___ RECORDS PROVIDED

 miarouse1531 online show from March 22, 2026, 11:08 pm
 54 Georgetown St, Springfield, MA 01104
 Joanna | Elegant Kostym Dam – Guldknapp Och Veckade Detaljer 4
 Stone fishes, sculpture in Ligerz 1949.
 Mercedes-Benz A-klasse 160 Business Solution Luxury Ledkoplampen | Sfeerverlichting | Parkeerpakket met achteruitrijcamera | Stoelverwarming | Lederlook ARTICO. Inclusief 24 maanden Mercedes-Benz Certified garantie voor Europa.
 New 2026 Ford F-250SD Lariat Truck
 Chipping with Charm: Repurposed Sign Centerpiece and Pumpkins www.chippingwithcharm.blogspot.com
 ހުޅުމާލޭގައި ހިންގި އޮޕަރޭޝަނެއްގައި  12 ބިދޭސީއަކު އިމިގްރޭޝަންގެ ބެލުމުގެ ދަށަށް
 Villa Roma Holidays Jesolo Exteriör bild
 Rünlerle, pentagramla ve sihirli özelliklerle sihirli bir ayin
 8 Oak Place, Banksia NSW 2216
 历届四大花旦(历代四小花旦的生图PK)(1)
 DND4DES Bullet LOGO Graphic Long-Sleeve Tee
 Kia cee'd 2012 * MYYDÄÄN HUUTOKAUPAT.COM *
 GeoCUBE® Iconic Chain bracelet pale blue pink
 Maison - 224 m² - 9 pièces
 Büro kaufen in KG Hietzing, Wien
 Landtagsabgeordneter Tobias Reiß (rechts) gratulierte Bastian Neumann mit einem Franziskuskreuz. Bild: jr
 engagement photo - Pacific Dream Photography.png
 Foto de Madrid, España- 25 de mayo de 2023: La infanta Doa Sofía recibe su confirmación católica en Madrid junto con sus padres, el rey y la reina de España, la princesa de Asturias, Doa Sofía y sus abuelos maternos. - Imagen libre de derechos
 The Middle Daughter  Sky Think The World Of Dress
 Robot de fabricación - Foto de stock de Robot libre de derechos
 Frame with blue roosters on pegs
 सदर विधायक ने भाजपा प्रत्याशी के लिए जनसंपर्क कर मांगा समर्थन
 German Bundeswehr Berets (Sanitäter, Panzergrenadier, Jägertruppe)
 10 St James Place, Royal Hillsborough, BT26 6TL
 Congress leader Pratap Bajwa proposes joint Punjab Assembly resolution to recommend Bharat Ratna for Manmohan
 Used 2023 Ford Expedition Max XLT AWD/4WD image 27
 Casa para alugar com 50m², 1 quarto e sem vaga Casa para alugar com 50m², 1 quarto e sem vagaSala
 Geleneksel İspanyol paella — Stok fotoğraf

______

Repeat exactly the lines from the one containing "Foto de Madrid, España- 25" to the end of the records.

### WRITTEN SOLUTION
 Foto de Madrid, España- 25 de mayo de 2023: La infanta Doa Sofía recibe su confirmación católica en Madrid junto con sus padres, el rey y la reina de España, la princesa de Asturias, Doa Sofía y sus abuelos maternos. - Imagen libre de derechos
 The Middle Daughter  Sky Think The World Of Dress
 Robot de fabricación - Foto de stock de Robot libre de derechos
 Frame with blue roosters on pegs
 सदर विधायक ने भाजपा प्रत्याशी के लिए जनसंपर्क कर मांगा समर्थन
 German Bundeswehr Berets (Sanitäter, Panzergrenadier, Jägertruppe)
 10 St James Place, Royal Hillsborough, BT26 6TL
 Congress leader Pratap Bajwa proposes joint Punjab Assembly resolution to recommend Bharat Ratna for Manmohan
 Used 2023 Ford Expedition Max XLT AWD/4WD image 27
 Casa para alugar com 50m², 1 quarto e sem vaga Casa para alugar com 50m², 1 quarto e sem vagaSala
 Geleneksel İspanyol paella — Stok fotoğraf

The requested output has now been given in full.